Selama bertahun-tahun penangkapan dan penyiksaan, pemukulan, pembunuhan, pemerkosaan, kriminalisasi, hingga mutilasi terjadi di Papua.
Dengan pendekatan militer, lanjut Fernando, aparat kerap melakukan penangkapan tanpa bukti. Pembunuhan yang misterius pun sering ditemukan masyarakat Papua. Pihaknya mencatat pelanggaran HAM itu terjadi sejak 1963 ketika operasi militer dilakukan sampai saat ini, operasi serupa digelar dan menyengsarakan masyarakat Papua. ”Sejak pasukan nonorganik tiba di Papua kerusuhuan makin menjadi-jadi,” ujarnya.

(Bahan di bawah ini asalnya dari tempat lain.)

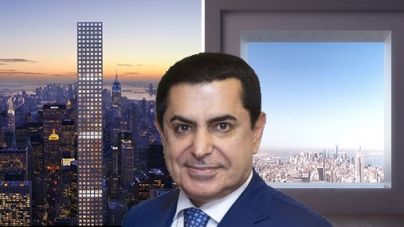 Former UN president picks up condo at 432 Park for $16M 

Di satu sisi operasi militer berlangsung, ujar Fernando, di sisi yang lain sumber daya alam Papua dikeruk. Sayangnya, eksploitasi itu dilakukan masif dan tidak berkelanjutan sehingga masyarakat Papua hampir tak mendapatkan manfaatnya.
Koordinator lapangan aksi, Aprianus (21), dalam orasinya menuntut beberapa hal. Pertama, BKMP se-Kalimantan menuntut Presiden RI untuk menarik pasukan TNI dan Polri nonorganik (bukan dari wilayah Papua) dari seluruh wilayah Papua.
Kami juga meminta anggota-anggota yang terlibat dalam penyiksaan itu untuk dipecat dari keanggotaannya.
Kedua, pihaknya meminta Presiden RI untuk segera membuka akses jurnalis internasional dan PBB untuk ke Papua agar mampu memantau situasi pelanggaran hak asasi manusia di tanah Papua.
Tuntutan ketiga, mereka meminta Panglima TNI segera mencopot Pangdam Cenderawasih dari jabatan buntut dari penyiksaan yang dilakukan anggotanya ke masyarakat sipil Papua. Yang terakhir, lanjut Aprianus, ia meminta Panglima TNI untuk membawa pelaku penyiksaan masyarakat sipil Papua tersebut di atas ke meja pengadilan, diadili sesuai dengan ketentuan hukum yang berlaku.
”Kami juga meminta anggota-anggota yang terlibat dalam penyiksaan itu untuk dipecat dari keanggotaannya,” kata mahasiswa jurusan PGSD semester III di Universitas Palangkaraya tersebut.